What you have to do:
Reproduce word for word, from the entries below, the line with "Panda Cottage Quần", the line with "3/4 x 50 Black Nylon Dock Line T1064", and every line between them, and nothing more.

*** Extracted entries

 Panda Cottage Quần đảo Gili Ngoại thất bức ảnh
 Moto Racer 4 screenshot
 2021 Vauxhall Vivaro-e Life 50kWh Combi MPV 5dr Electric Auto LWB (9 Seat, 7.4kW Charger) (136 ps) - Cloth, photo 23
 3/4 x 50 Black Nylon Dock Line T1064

******
*** Extracted entries

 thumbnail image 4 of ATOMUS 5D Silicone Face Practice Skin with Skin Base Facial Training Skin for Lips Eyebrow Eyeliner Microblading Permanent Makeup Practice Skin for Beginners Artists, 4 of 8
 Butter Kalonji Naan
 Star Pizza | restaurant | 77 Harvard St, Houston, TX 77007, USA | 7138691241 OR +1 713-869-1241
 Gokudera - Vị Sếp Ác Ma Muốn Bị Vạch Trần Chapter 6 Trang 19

******

Written solution:
 Panda Cottage Quần đảo Gili Ngoại thất bức ảnh
 Moto Racer 4 screenshot
 2021 Vauxhall Vivaro-e Life 50kWh Combi MPV 5dr Electric Auto LWB (9 Seat, 7.4kW Charger) (136 ps) - Cloth, photo 23
 3/4 x 50 Black Nylon Dock Line T1064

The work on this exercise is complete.